Skip the pictures, and retype the data below in full, exactly.

(Collected data entries)

>>>>>

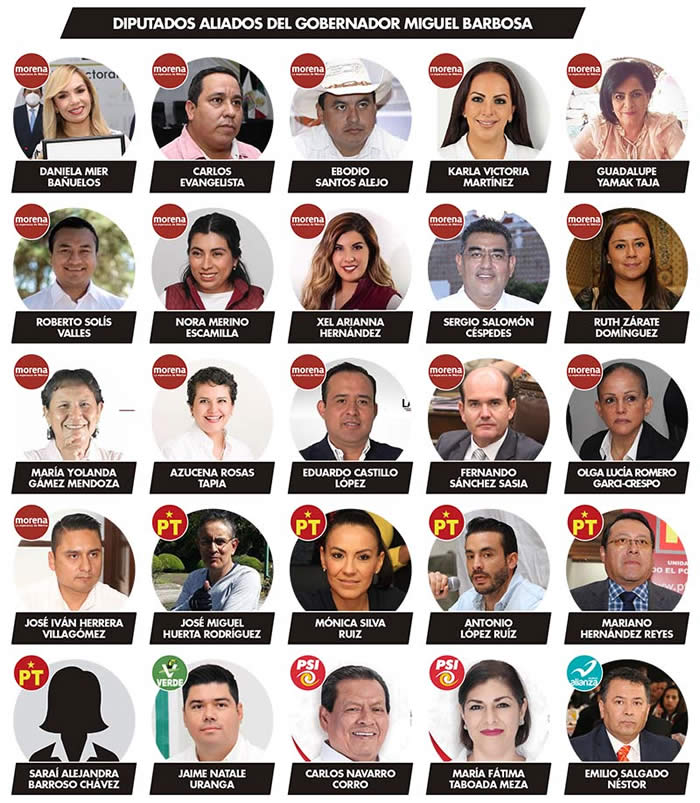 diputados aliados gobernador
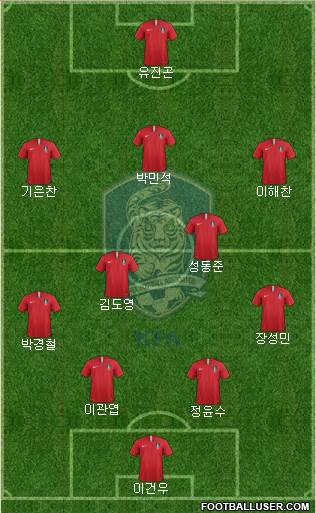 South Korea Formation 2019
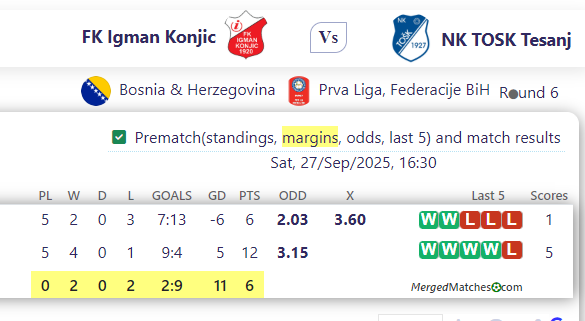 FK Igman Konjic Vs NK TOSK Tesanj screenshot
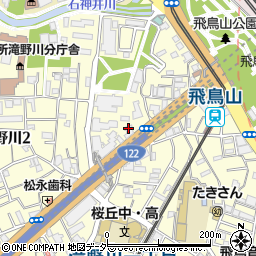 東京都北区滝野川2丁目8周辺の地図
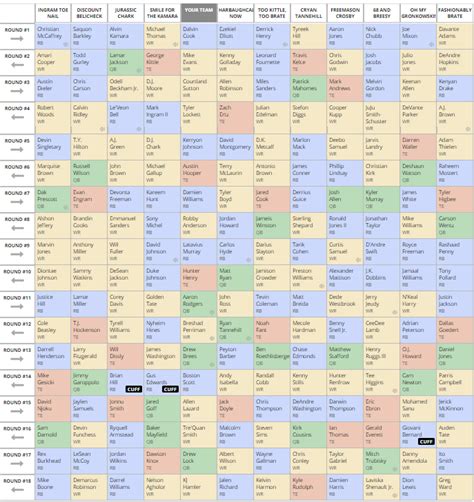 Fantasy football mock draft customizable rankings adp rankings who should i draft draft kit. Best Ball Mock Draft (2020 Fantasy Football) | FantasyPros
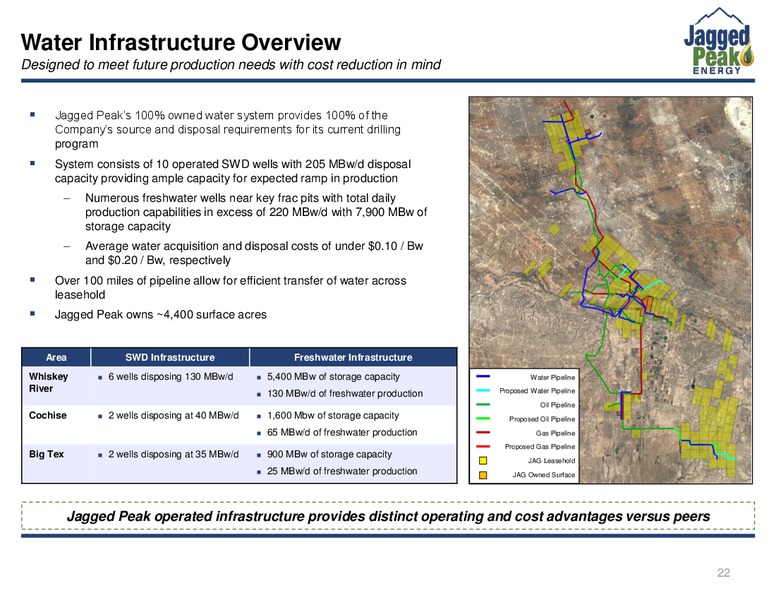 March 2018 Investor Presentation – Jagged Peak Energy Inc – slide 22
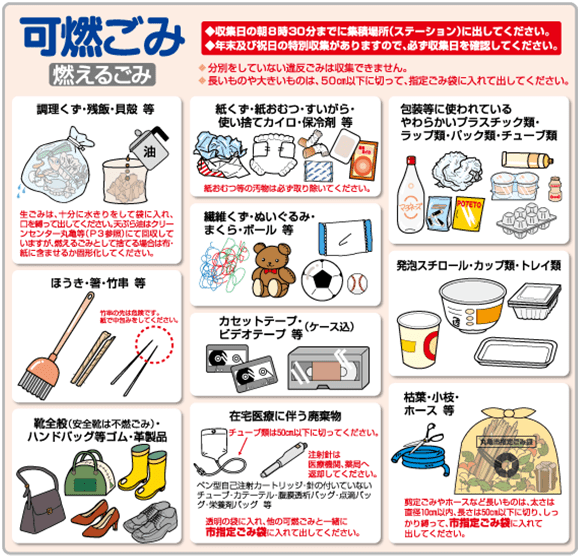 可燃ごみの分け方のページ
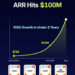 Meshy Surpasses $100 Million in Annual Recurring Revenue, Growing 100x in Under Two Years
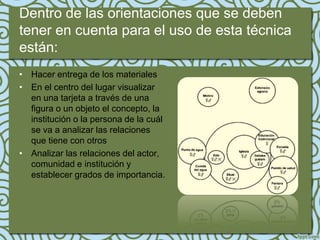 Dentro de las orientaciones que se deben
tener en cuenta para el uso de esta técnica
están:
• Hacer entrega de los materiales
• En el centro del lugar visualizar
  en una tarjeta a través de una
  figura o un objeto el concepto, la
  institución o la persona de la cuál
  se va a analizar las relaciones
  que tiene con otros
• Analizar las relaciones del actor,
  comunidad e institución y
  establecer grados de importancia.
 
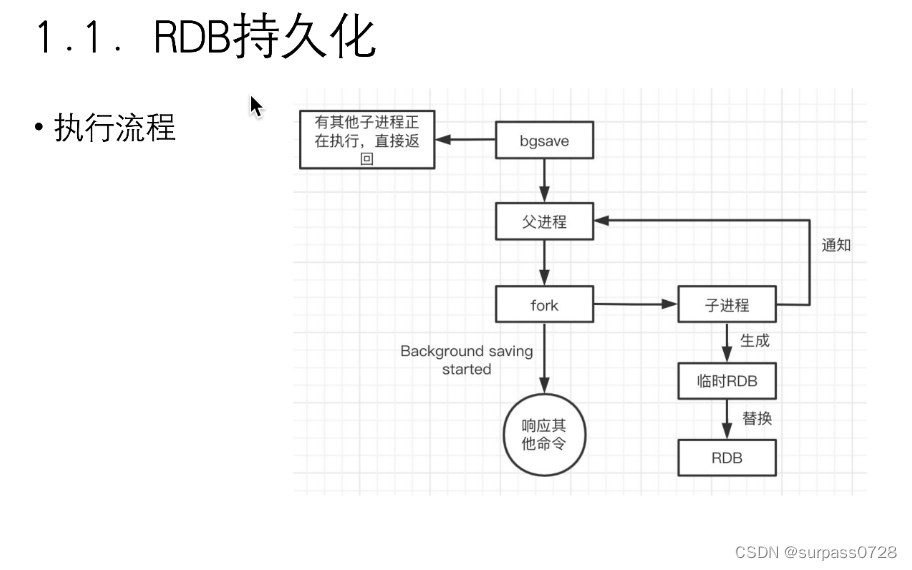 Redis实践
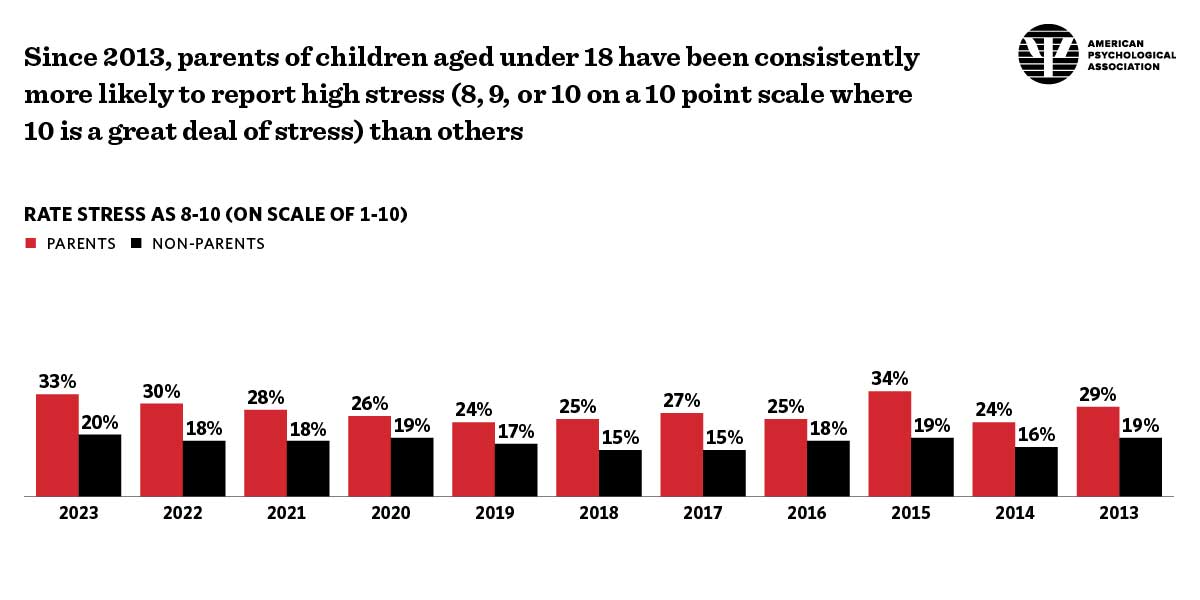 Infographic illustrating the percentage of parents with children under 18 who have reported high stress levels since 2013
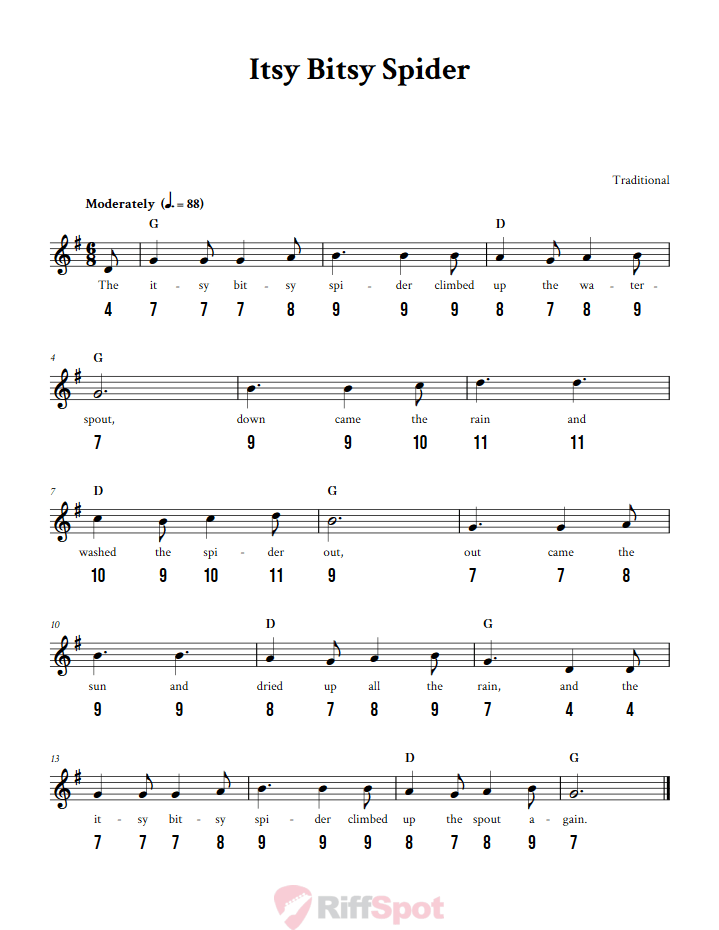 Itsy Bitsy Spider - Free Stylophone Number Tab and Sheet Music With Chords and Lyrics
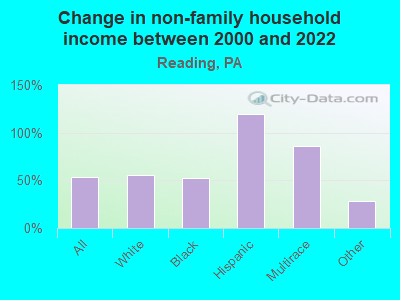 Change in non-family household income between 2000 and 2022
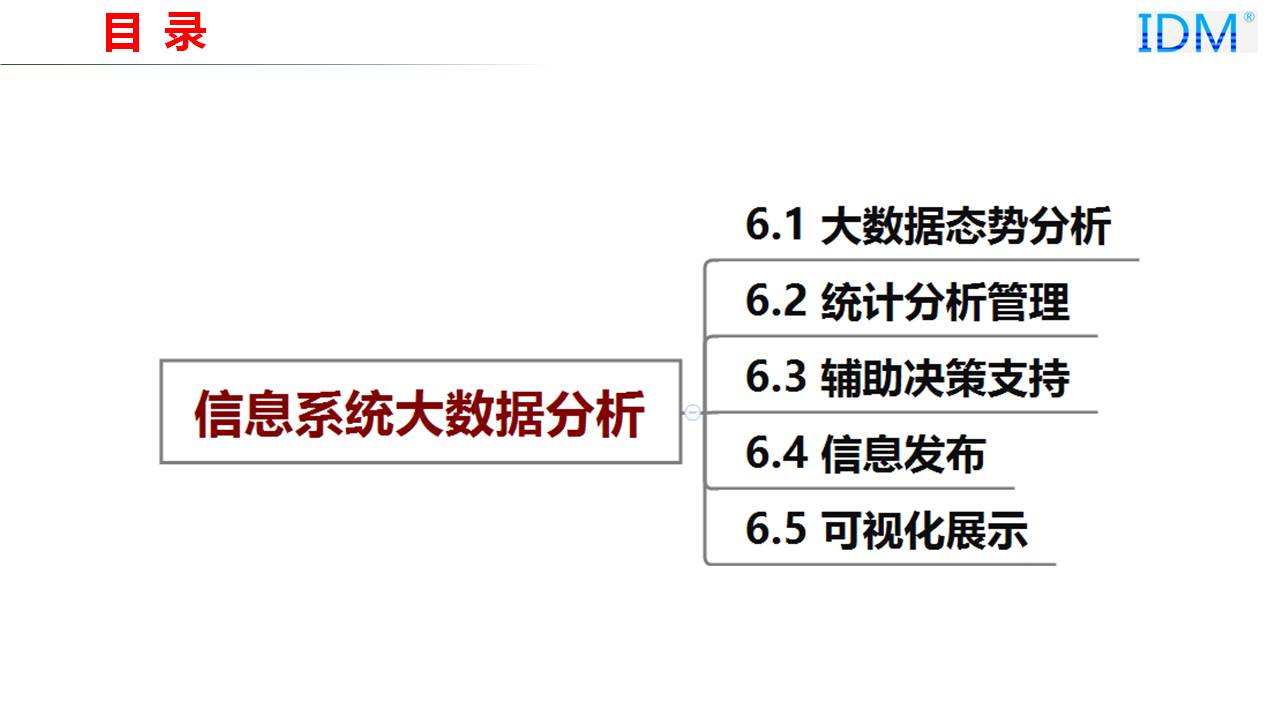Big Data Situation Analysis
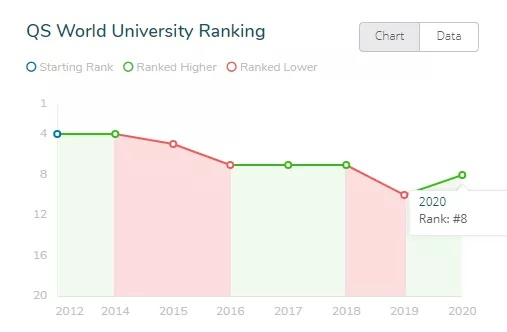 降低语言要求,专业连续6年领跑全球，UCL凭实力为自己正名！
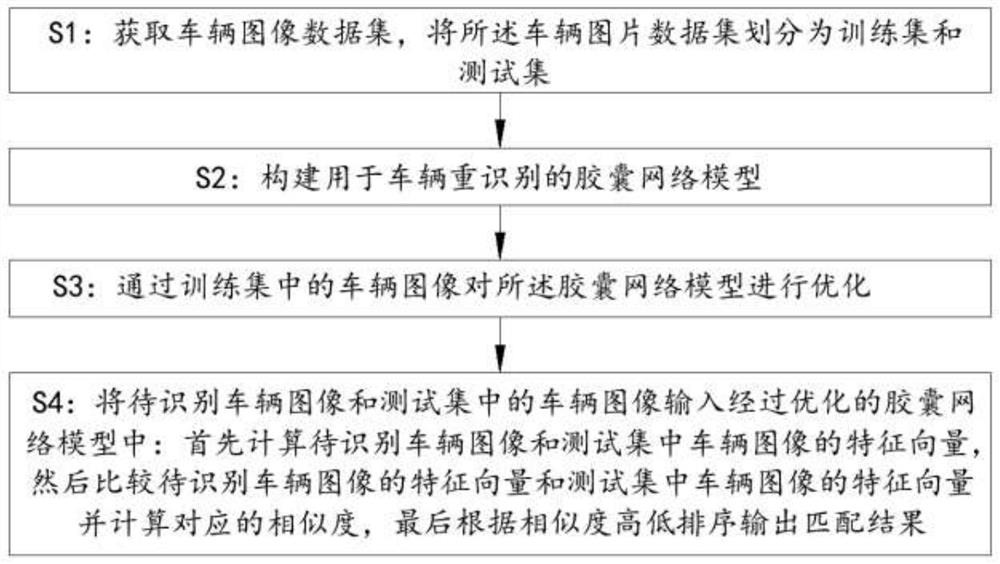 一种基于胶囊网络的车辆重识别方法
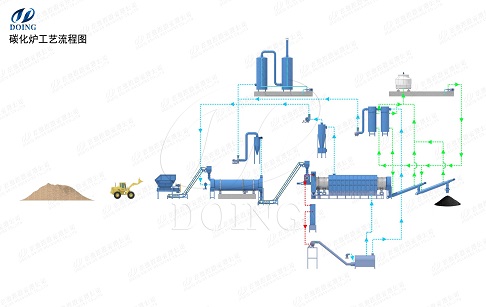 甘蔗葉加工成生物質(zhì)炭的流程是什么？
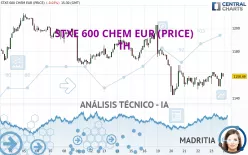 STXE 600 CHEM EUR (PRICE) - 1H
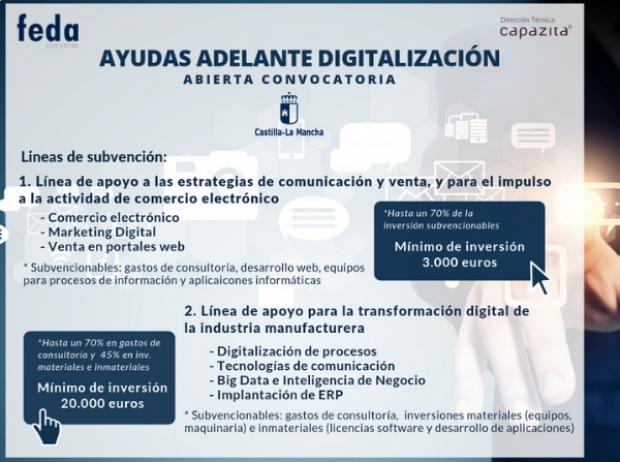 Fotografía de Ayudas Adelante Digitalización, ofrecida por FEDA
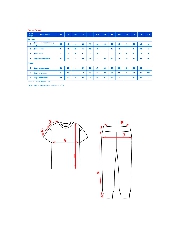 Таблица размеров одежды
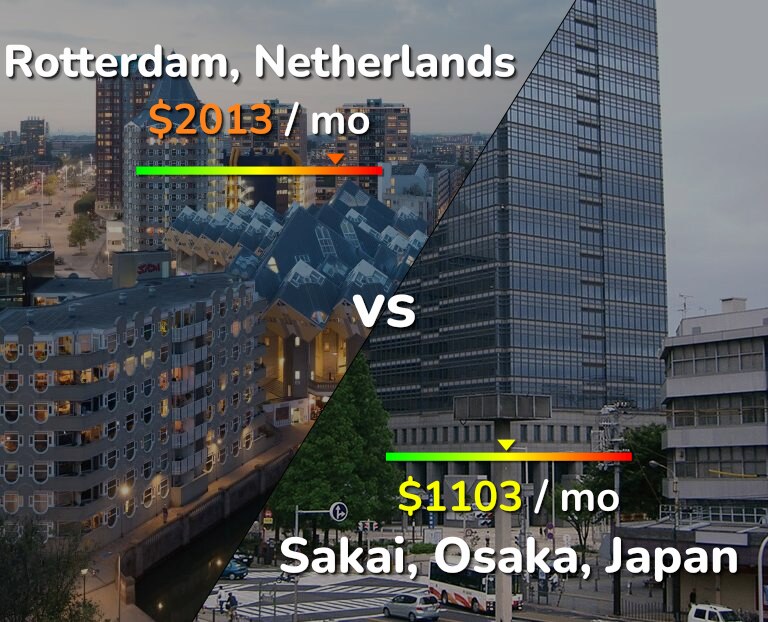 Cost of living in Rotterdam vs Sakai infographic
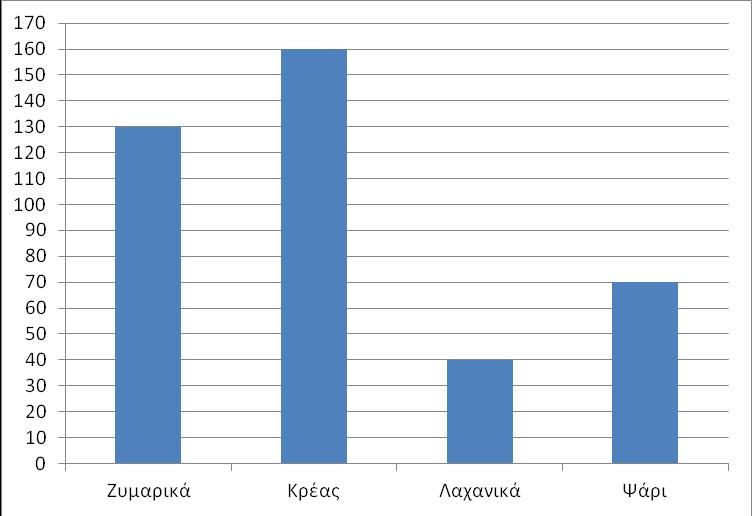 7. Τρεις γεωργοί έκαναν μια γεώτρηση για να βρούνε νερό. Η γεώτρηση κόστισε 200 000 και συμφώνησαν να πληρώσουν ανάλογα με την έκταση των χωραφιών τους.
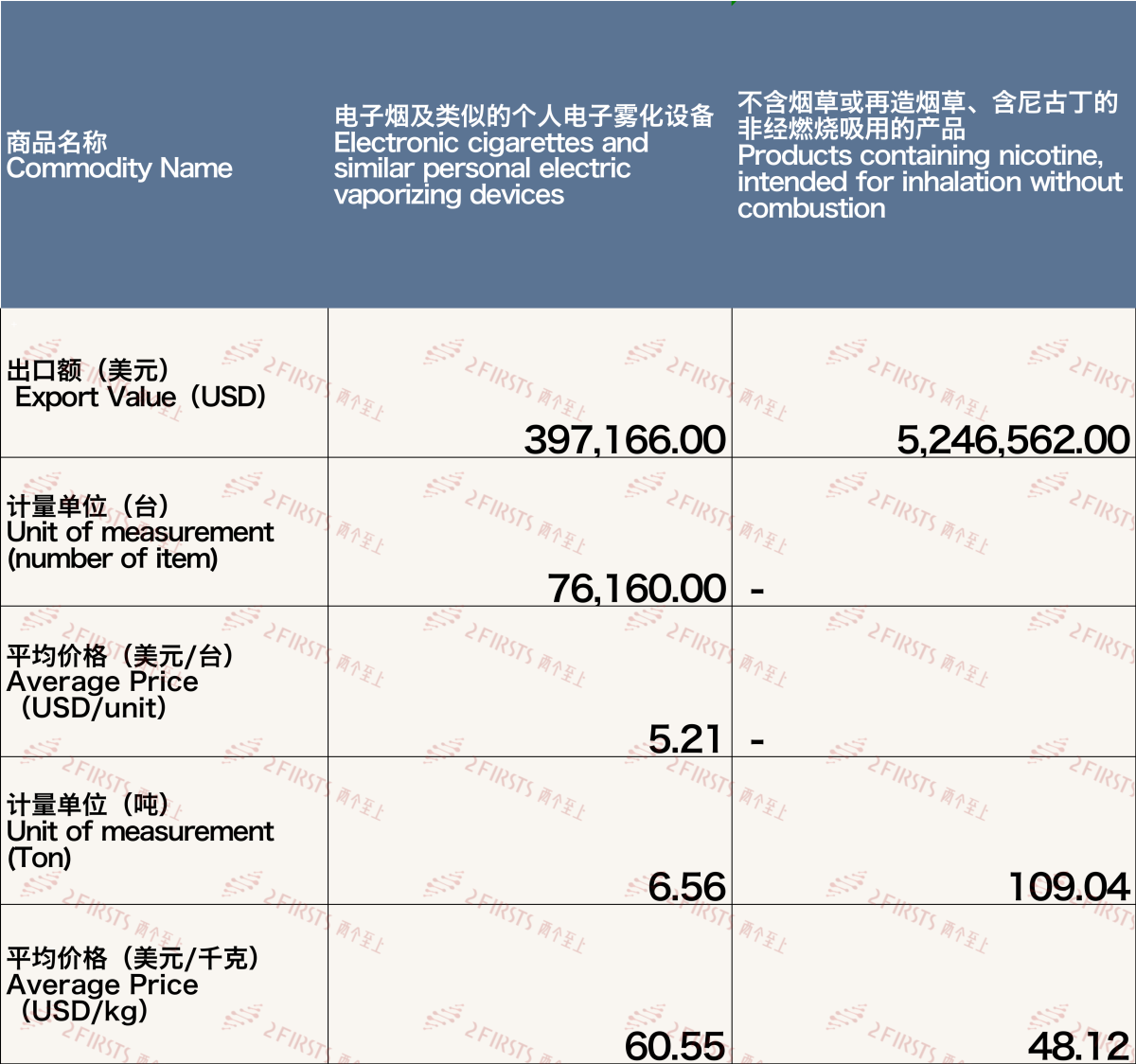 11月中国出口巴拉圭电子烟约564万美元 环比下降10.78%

<<<<<

#### Output of the exercise:
 diputados aliados gobernador
 South Korea Formation 2019
 FK Igman Konjic Vs NK TOSK Tesanj screenshot
 東京都北区滝野川2丁目8周辺の地図
 Fantasy football mock draft customizable rankings adp rankings who should i draft draft kit. Best Ball Mock Draft (2020 Fantasy Football) | FantasyPros
 March 2018 Investor Presentation – Jagged Peak Energy Inc – slide 22
 可燃ごみの分け方のページ
 Meshy Surpasses $100 Million in Annual Recurring Revenue, Growing 100x in Under Two Years
 Dentro de las orientaciones que se deben
tener en cuenta para el uso de esta técnica
están:
• Hacer entrega de los materiales
• En el centro del lugar visualizar
  en una tarjeta a través de una
  figura o un objeto el concepto, la
  institución o la persona de la cuál
  se va a analizar las relaciones
  que tiene con otros
• Analizar las relaciones del actor,
  comunidad e institución y
  establecer grados de importancia.
 
 Redis实践
 Infographic illustrating the percentage of parents with children under 18 who have reported high stress levels since 2013
 Itsy Bitsy Spider - Free Stylophone Number Tab and Sheet Music With Chords and Lyrics
 Change in non-family household income between 2000 and 2022
Big Data Situation Analysis
 降低语言要求,专业连续6年领跑全球，UCL凭实力为自己正名！
 一种基于胶囊网络的车辆重识别方法
 甘蔗葉加工成生物質(zhì)炭的流程是什么？
 STXE 600 CHEM EUR (PRICE) - 1H
 Fotografía de Ayudas Adelante Digitalización, ofrecida por FEDA
 Таблица размеров одежды
 Cost of living in Rotterdam vs Sakai infographic
 7. Τρεις γεωργοί έκαναν μια γεώτρηση για να βρούνε νερό. Η γεώτρηση κόστισε 200 000 και συμφώνησαν να πληρώσουν ανάλογα με την έκταση των χωραφιών τους.
 11月中国出口巴拉圭电子烟约564万美元 环比下降10.78%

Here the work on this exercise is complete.